One of, um, okay, probably the only benefit to my oven being temperamental lately is that when things are baking I now must stand sentry by its side throughout the cook time just in case it should decide to start turning itself off again. From this location, my typing is especially inspired, what with all the lovely baking smells wafting my way.
This effect was particularly potent during the baking of an Apple and Honey Challah the other morning. I had spotted the recipe on Smitten Kitchen and wanted to try it out immediately, but who wants to spend hours prepping bread dough only to be thwarted by an uncooperative appliance? Feeling braver after my pot pie success, I set out the ingredients and got to mixing. Despite the complex-looking braiding, the entire process was surprisingly simple.
Apple and Honey Challah
Pretty much as seen on Smitten Kitchen
2/3 cup warm water
2 t instant yeast
1/3 cup honey
1/3 cup vegetable oil
2 large eggs plus 1 large yolk
1 1/2 teaspoons salt
4 1/4 cups or 578 grams bread flour (Weighing flour is by the far the best, no-stress way to go when it comes to accuracy and neatness in flour measuring. If you bake often, consider investing. I have never looked back.)
2 medium baking apples, peeled, cored and in 1/2-inch chunks
Sprinkle of lemon juice, to keep them from browning
1 large additional egg, beaten, for bread wash
In a large bowl or the bowl of a stand mixer, whisk yeast and water. Add the oil, honey, and eggs, and thoroughly combine. The add the flour and salt, and stir till dough pulls together. In the mixer or by hand, knead until smooth and developed, about 6 minutes. Place the dough in an oiled bowl, cover, and allow to rise until almost doubled in sized.
(The original recipe used active yeast and suggested this would take an hour. My kitchen was chilly and my yeast was instant, so I left mine a little longer and in the end I wished I’d allowed the first rise to run even longer, but I got impatient.)

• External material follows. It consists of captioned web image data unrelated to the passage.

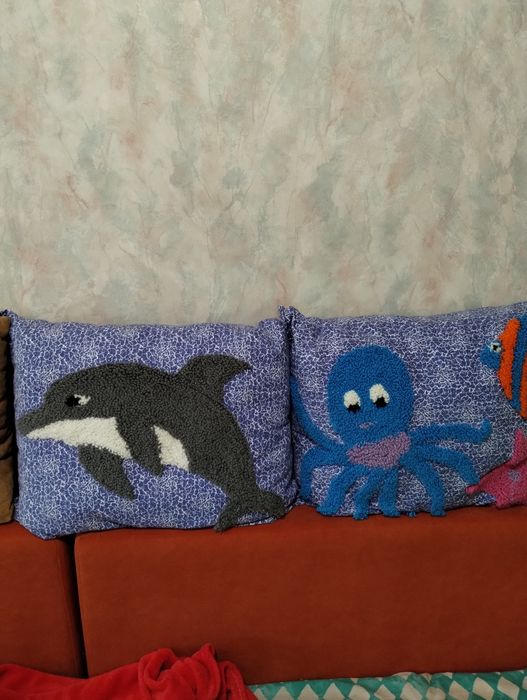 Диванные подушечки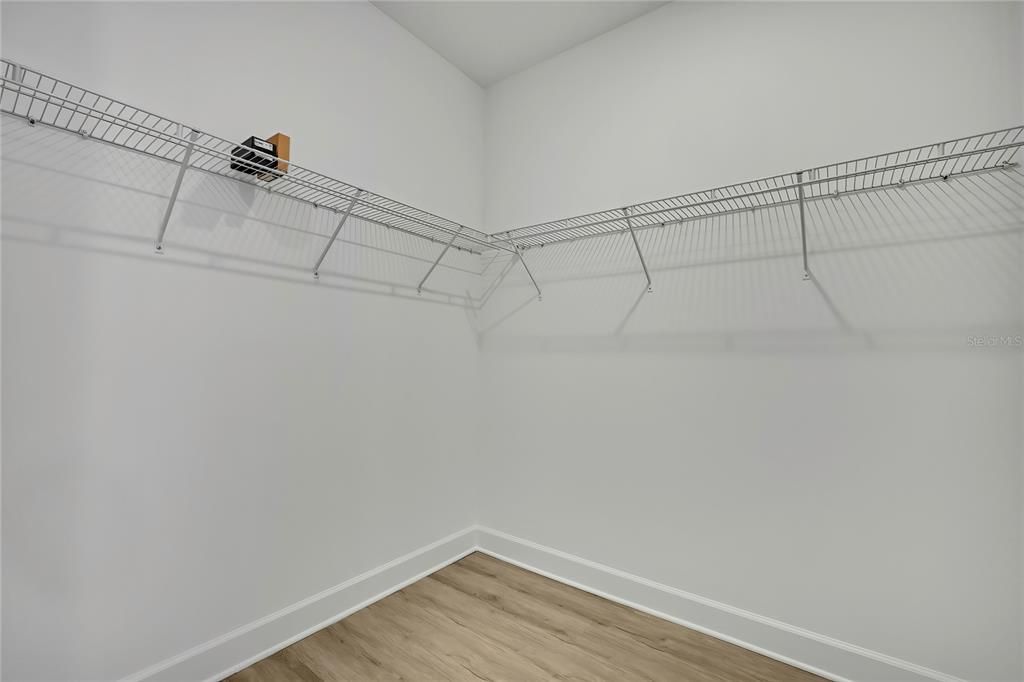 En Venta: $419,990 (4 camas, 3 baños, 2061 Pies cuadrados)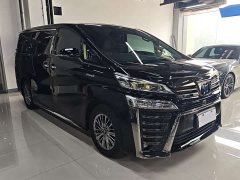 Toyota Vellfire Crown Twin Engine 2.5L HV Premium Edition - ფოტო 3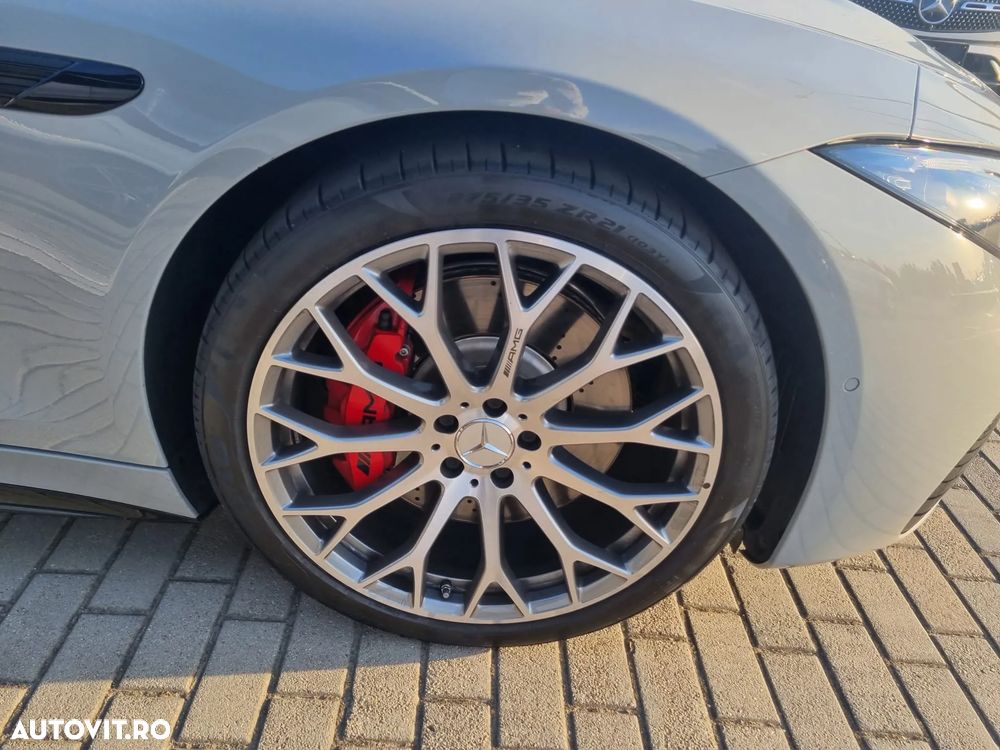 Mercedes-Benz SL 55 AMG 4Matic+ - 17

Let dough fall out of the bowl onto a clean counter and spread out into a wide disc, similar to a thick pizza crust, spread 2/3 of the apple chunks on the bottom half and fold the dough over, pressing it down and sealing in the fruit. Place the remaining fruit on to of half the dough again, and fold it over, pressing it down, sealing and tucking it into a boule shape. Invert and place the now-empty bowl over top of the dough and allow it to rest for 30 minutes.

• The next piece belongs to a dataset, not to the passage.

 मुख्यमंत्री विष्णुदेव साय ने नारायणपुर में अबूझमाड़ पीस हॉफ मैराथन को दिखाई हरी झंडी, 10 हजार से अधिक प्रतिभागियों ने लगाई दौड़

There are many ways to braid a challah, and I really enjoyed the Smitten Kitchen’s braiding suggestions. You can get detailed photos and step-by-step instructions over her way. Basically, you cut the dough into quarters like a pie (a bench scraper works well for this, slicing cleanly through the dough), seal in the apple chunks, and stretch each into a foot-long log. If pieces of apple try and escape during this step, don’t panic. Just poke them back into the dough. I honestly expected this to be of comedy of errors, but there didn’t end up being a great deal of runaway fruit to deal with. Weaving the four strips over and under one another in front of you in the shape of a # sign, you then lift each “under” leg over top of the leg to its immediate right, doing this a total of 4 times as you move around the bread. Then you take the leg you didn’t braid yet and move it to the left. For me, this was all the braiding that was needed, so all that remained was to tuck the ends securely underneath the loaf. Move the bread to a sheet of parchment, and brush it with the egg wash. I slipped mine onto the back of a baking sheet for ease of transfer and covered it with greased plastic wrap. Let it rise again for an hour.
Preheat the over to 375˚F. When the final rise is complete and the oven is hot, remove the plastic, brush again with the egg wash, and bake for 45 minutes (tenting with foil if bread darkens quickly–mine always seems to.) When done, the inside of the bread should register at least 190˚F. My loaf ended up needing additional time, the middle still undercooked due to the fruit, so best to check.